In a recent blog Acephalous of the University of California, Irvine wrote of his discovery of a couple having sex in his office. They abused him and threatened him with an harassment charge when he asked them to leave as he had a student coming to see him. Since then he has been in a Kafkaesque world with the university administration. Who is the culprit and who is the victim? We won't know since the university has made it a non-discloure matter.
Kafka is stalking the halls of the University of Westminster also. I wrote back in August that the university was evaluating professors in order to create a new pay system. Hay Management Consultants who are carrying out the exercise told me that they would be done by the end of August. I strongly suspect that would have been so if the university had been able to pull its act together. But here we are in mid-December and the university hasn't yet delivered all the necessary papers to Hay. And we don't know when the process will be completed...if at all...

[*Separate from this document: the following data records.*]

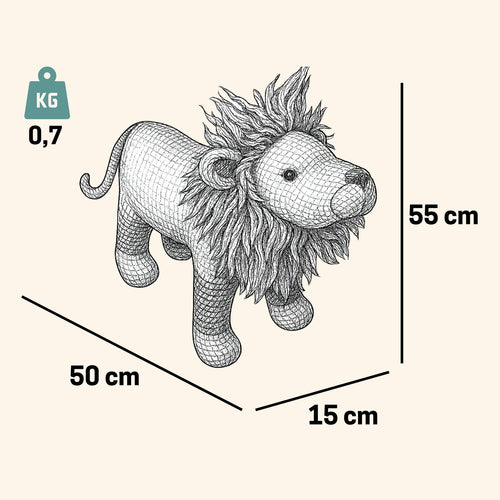 Pintado & Lacado knuffeldier Leeuw - beige - 55 cm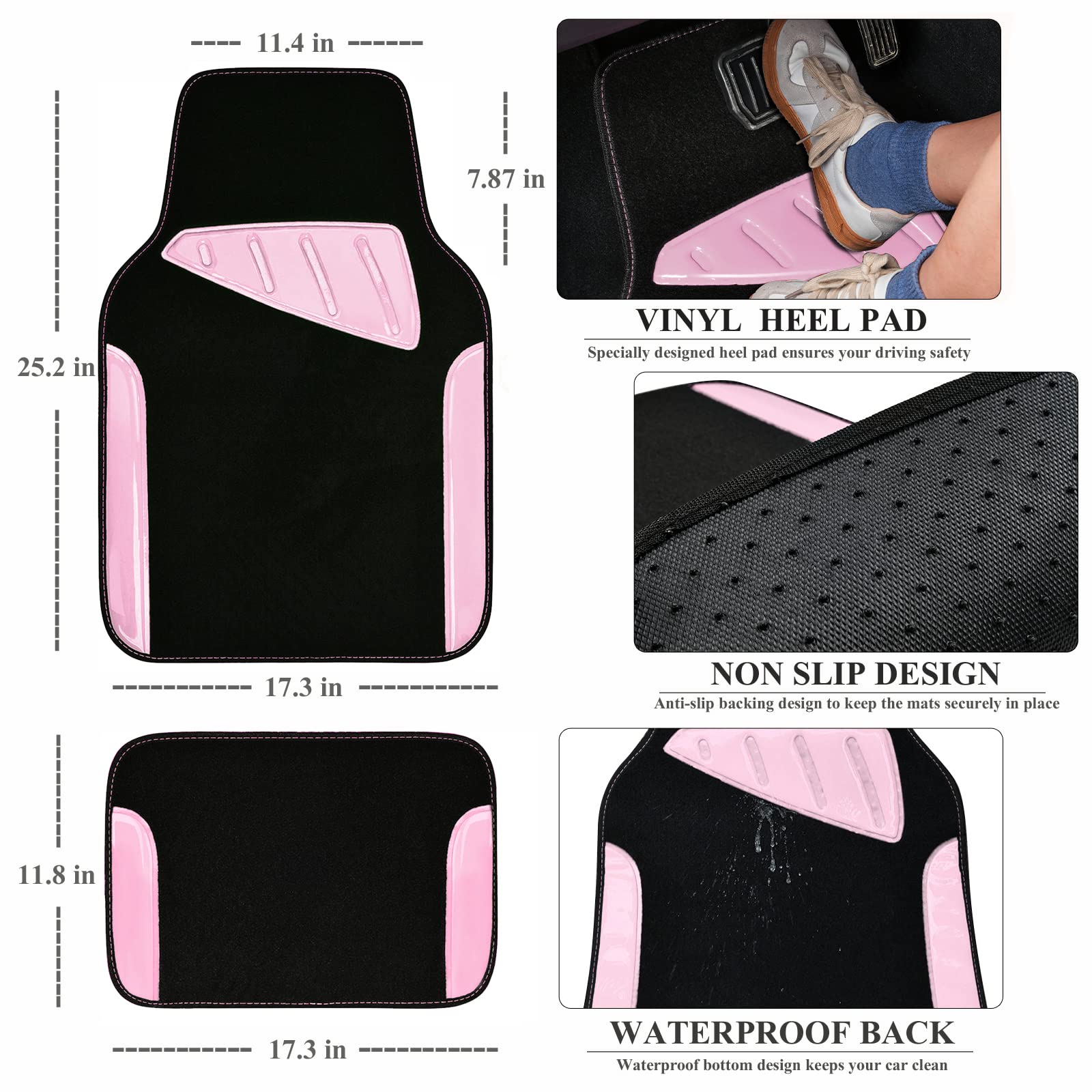 Car Pass Jelly Waterproof Universal Fit Car Floor Mats, Girly Car Carpet Mats With Anti-Slip Nibbs Backing & Driver Heel Pad Fit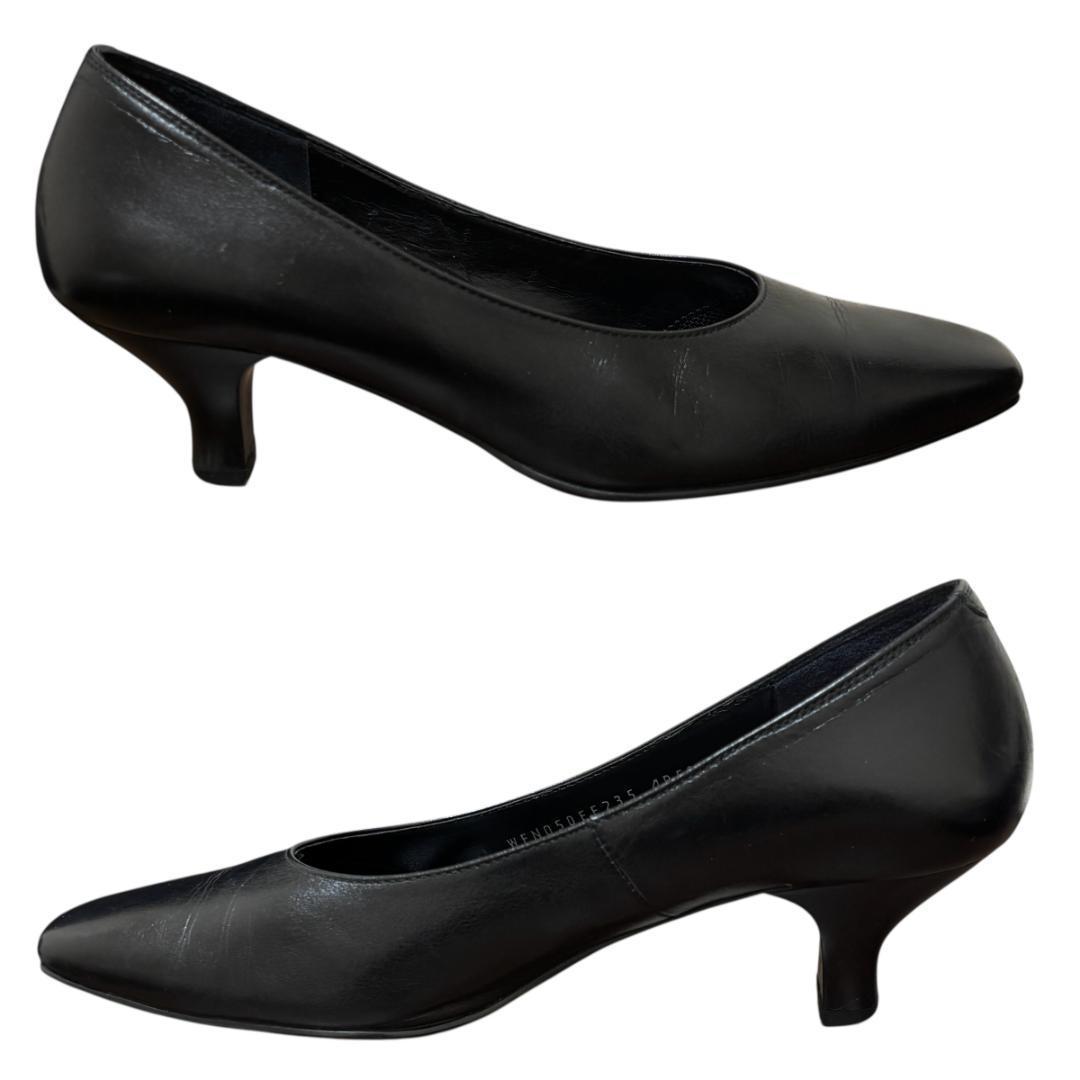 ワコール サクセスウォーク スクエアトゥ パンプス レザー ブラック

My colleagues and I always had our suspicions that the administration of the university wouldn't handle this process to the best of its abilities. Interestingly, a survey on attitudes towards the university administration carried out in 2003 found that senior faculty were the most mistrustful. And that the personnel/"human resources" department, which is handling the job evaluation process, was found wanting. (Quite what a human resource is I'm unable to fathom. Even the Society for Human Resource Management didn't elucidate.) During early summer we met with the head of personnel and the vice-chancellor to express our concerns, namely what did it all mean, and above all ask for transparency in the process. It was assured. Five months on we await the results of the exercise.
When during September it was clear that the pace was neck and neck with the annual snail and slug race, we asked for regular updates from the personnel department. Oh well, one tries. If you have seen the movie, the Shawshank Redemption, you will appreciate this next bit. The hero becomes prison libarian and asks the state legislature for money to finance book purchases. Nothing happens so he writes each week to them asking for money. The state relents eventually and provides books. His buddy asks him if he'll now stop writing. No, he says, he will now write twice a week asking for more. Our request for regular updates was met with a similar blankness and I began to write to the personnel head each week asking for information. It always takes two emails to get him to respond, which is indicative of translucency rather than transparency. It seems there are a few job evaluations outstanding and rather than tell us the results of ours we have to wait.
This last is interesting because we discussed the fact that professors are different from each other and therefore it's not so much the group aspect as how each professor fares. On this basis there's no reason why individuals couldn't be given their results. But no, we wait for the stragglers.
What confidence there has been in the process has ebbed away. I continue to email personnel and forward their responses to my colleagues. How is it that an organization based on knowledge work could be so backward in its dealings with its most valuable "resources"? We, who are meant to be at the cutting edge of knowledge, teeter on the edge of an administrative mire. The numbers of emails I receive from my colleagues suggest that adversarialism is the dominant motif in relations between "senior management" and them. Of course there will always be a tension between administrative necessity and intellectual desire, and that can be creative. But when administrative suffocation becomes the norm with bloated bureaucracies, attempts to impose uniform "working practices" and so forth, it saps the creativity that makes universities the great institutions they can sometimes be.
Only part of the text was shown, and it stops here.